Contre le cercueil de sa fiancée, il s’élança de toute sa force. Soudain le cercueil se brise, la vierge renaît à la vie. Elle regarde avec des yeux étonnés. Se balançant sur les chaînes, elle soupire et murmure :

— Comme j’ai longtemps dormi !

Elle sort du cercueil. Tous deux éclatent en sanglots. Il la saisit en ses bras et de l’obscurité la porte vers la lumière.

Devisant gaiement, ils prennent le chemin du retour. Déjà proclame la renommée que la fille du tzar est vivante !

 

* * *

 

Cependant, la cruelle tzarine se trouvait inoccupée chez elle. Assise devant son miroir, elle lui disait :

— Suis-je la plus charmante, la plus blanche et la plus rose de toutes ?

Et d’entendre cette réponse :

— Tu es belle, sans conteste, mais la princesse est plus charmante, plus blanche et plus rose que toi.

Et la marâtre de sursauter, de briser le miroir contre terre, de se jeter droit à la porte. Elle rencontre la princesse. Alors s’empara d’elle un amer chagrin. La tzarine mourut.

Dès qu’on l’eut mise en terre, on célébra le mariage d’Élysée avec sa fiancée, et depuis la naissance du monde, nul n’avait vu pareil festin.

J’y étais. Je bus l’hydromel et la bière, mais je ne fis qu’y tremper mes moustaches.

 

Conte du pope et de son serviteur Balda

 

Il était un pope, pope de peu de cervelle. Ce pope se rendait au marché, pour acheter différentes choses.

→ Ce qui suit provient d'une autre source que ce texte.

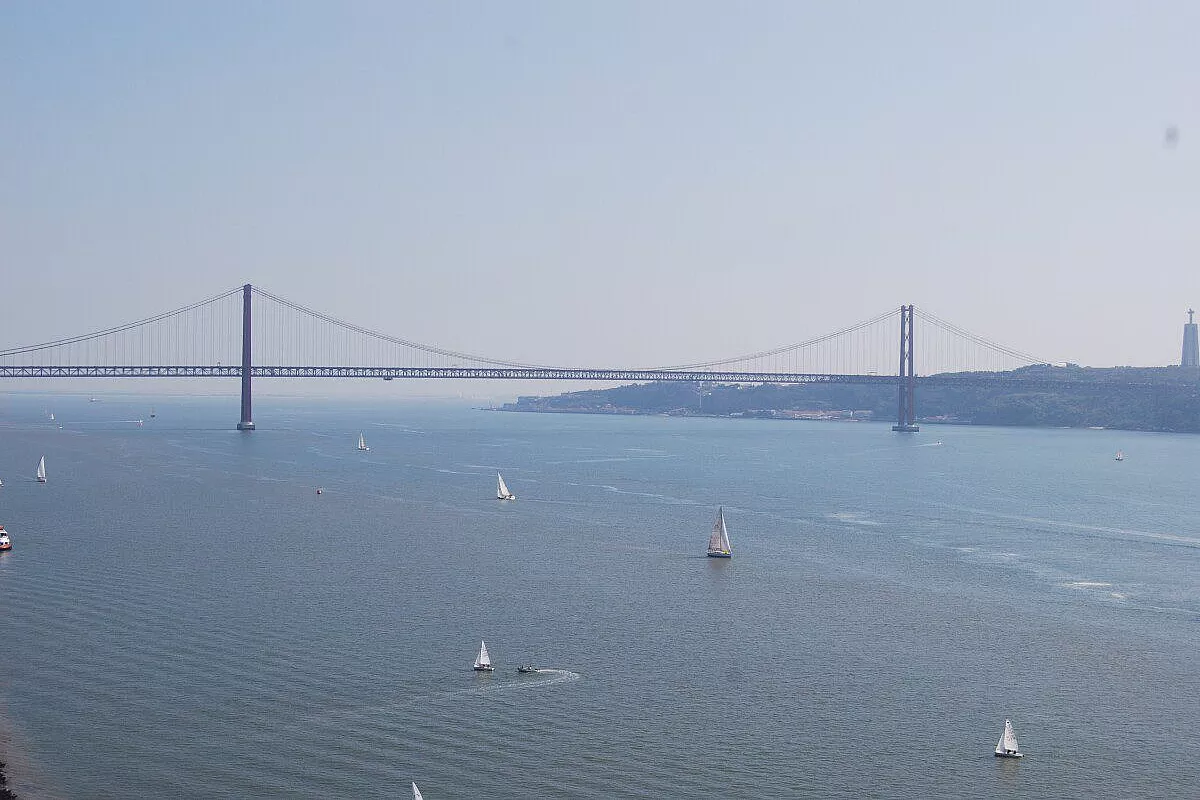 ponte 25 aprile lisbona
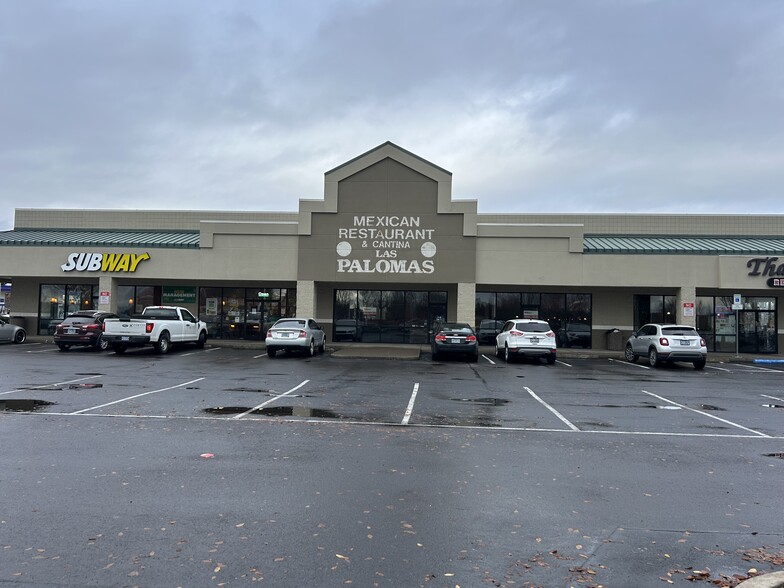 1120-1130 Lancaster Dr SE, Salem, OR for lease - Building Photo - Image 1 of 2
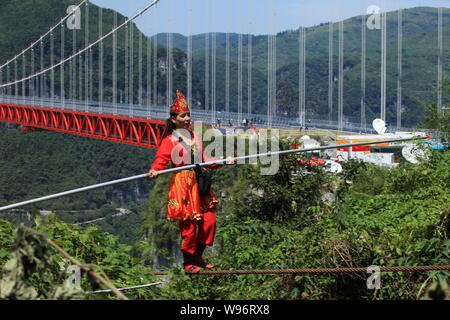 L'un des étudiants est Wuxors Adili en photo lorsqu'elle est sur la corde pendant une tentative de marcher sur une corde raide 1 432 mètres de long dans le centre de Menton, Aizhai Banque D'Images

Il rencontra Balda ; allant où ? Balda ne le savait lui-même.

— Pourquoi, pope, dit-il, t’être levé de si bonne heure ? Que cherches-tu ?

Et le pope de répondre :

— Je cherche un serviteur, qui, tout à la fois cuisinier, cocher et charpentier, ne soit pas trop cher. Où trouver pareil serviteur ?

Balda de répliquer :

— Je te servirai bien, avec zèle et très exactement, pour trois chiquenaudes par an à te donner sur le front. Quant à la nourriture, sers-moi de l’épeautre cuite.

Le pope de réfléchir, de se gratter le front. C’est qu’il y a chiquenaude et chiquenaude... Mais Russe, il décide de s’en remettre au hasard.

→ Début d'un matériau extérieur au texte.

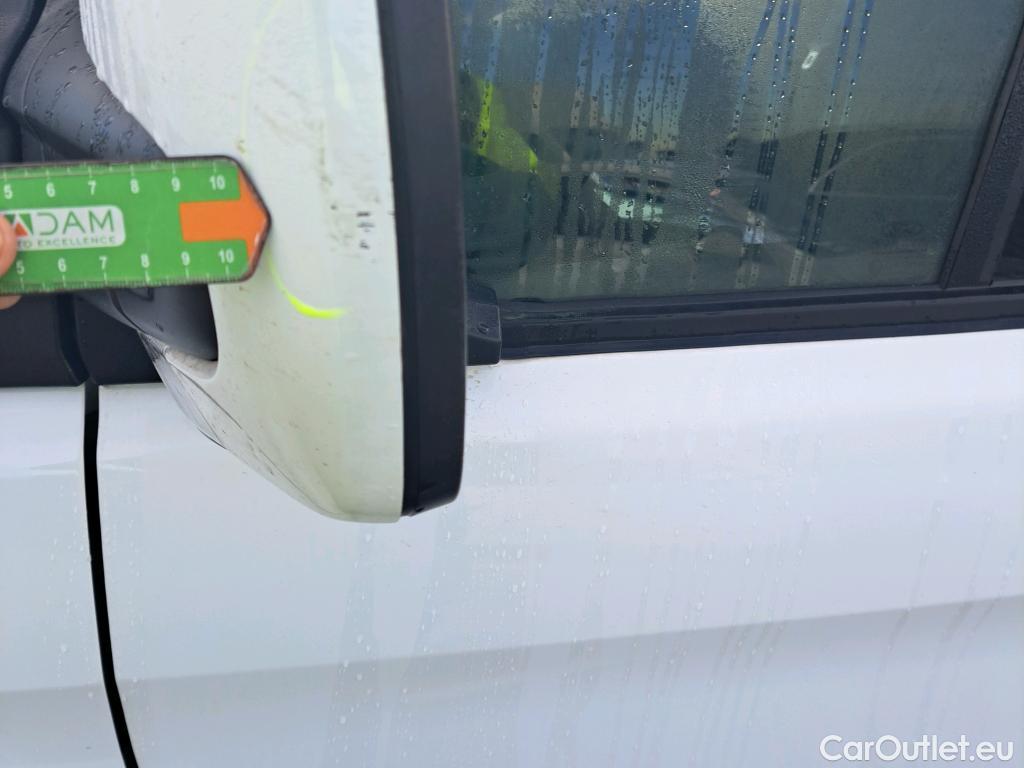  Ford  Transit FORD  Custom / 2012 / 4P / furgón 340 L1 Van Trend Plug-in Hybrid 92,9 kW #26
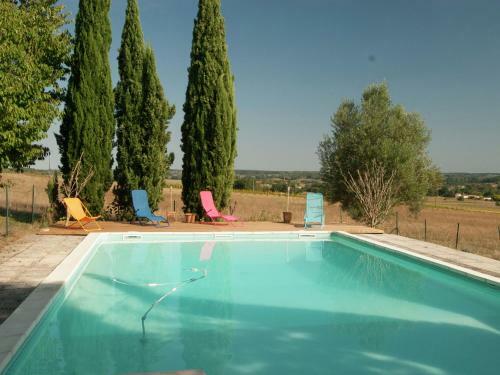 Upscale Mansion In Neuffons With Swimming Pool And Garden
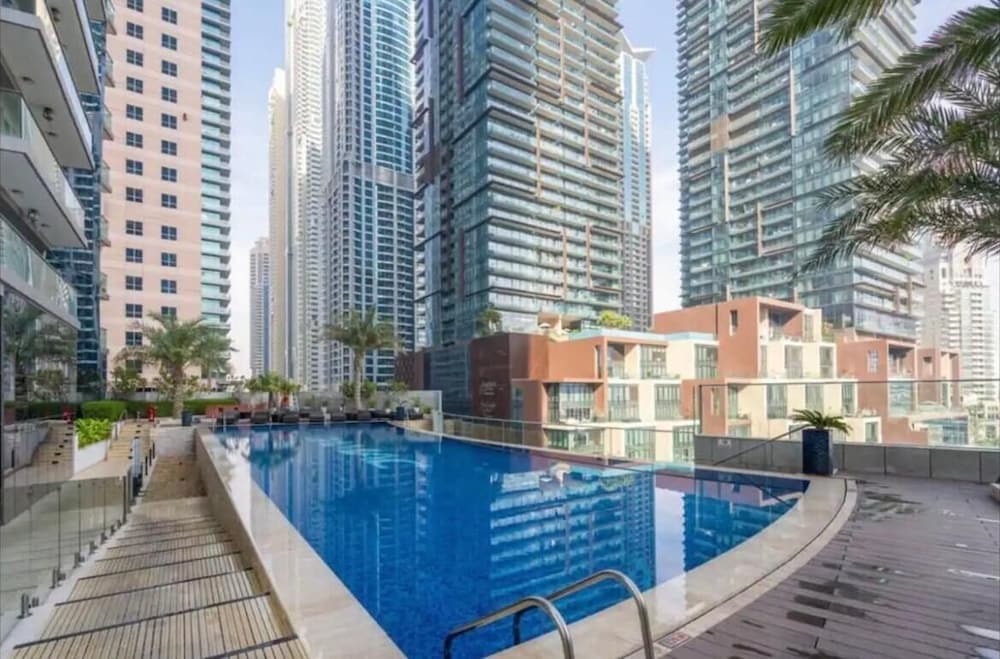 High End Luxury Stay with Full Palm Jumeirah View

— Bien, dit le pope à Balda, nous n’y perdrons ni l’un ni l’autre. Viens vivre dans ma maison, montre ton zèle et ton habileté.

Balda vit dans la maison du pope. Il dort sur la paille, mange pour quatre, travaille pour sept. Dès avant l’aube, tout entre en danse. Il attelle le cheval. Il laboure le champ. Il allume le poêle, fait toutes les provisions et s’il cuit un œuf, l’épluche en même temps.

La femme du pope de se louer de Balda. La fille du pope de se soucier de Balda. Le fils du pope de l’appeler « Petit père ». Balda prend soin de l’enfant, il prépare sa bouillie. Seul, le pope n’aime pas Balda, jamais il ne lui adresse de paroles amicales.

Souvent, il pense à l’échéance. Le temps passe ; l’heure en est proche. Le pope ne mange, ni ne boit, ni ne dort des nuits et des nuits. À l’avance son front tressaille.

Et d’avouer tout à sa femme :

— Il en est ainsi... et ainsi... Que reste-t-il à faire ?

En ruses de toutes sortes, les femmes ont l’esprit inventif, fertile.

— Pour écarter de nous cette calamité, je connais un moyen, dit la femme du pope. Ordonne à Balda quelque travail qu’il ne puisse accomplir. Exige que point par point il l’exécute. Tu mettras ton front à l’abri du châtiment et tu laisseras Balda sans paiement.

Au cœur du pope revint la gaieté. Avec aplomb, il regarde Balda et voici qu’il lui crie :

— Eh là ! viens ici, Balda, mon fidèle serviteur. Écoute, les diables ont promis de me payer un tribut jusqu’à l’heure de ma mort. Je n’aurais pas besoin de meilleur revenu, mais ils ont après eux trois ans d’arrérages. Dès que tu seras rassasié d’épeautre, va lever tribut complet à tous les diables.

Sans vainement discuter avec le pope, Balda de s’en aller et de s’asseoir au bord de la mer. Là, il prit une corde et, trempant le bout dans la mer, la fit tourner entre ses doigts.

Voici que de la mer sortit un vieux diable.

— Pourquoi te fourres-tu chez nous, Balda ?

— Eh bien, je veux rider la mer avec cette corde et faire se tordre votre race maudite.

Du vieux diable, alors, s’empara la mélancolie.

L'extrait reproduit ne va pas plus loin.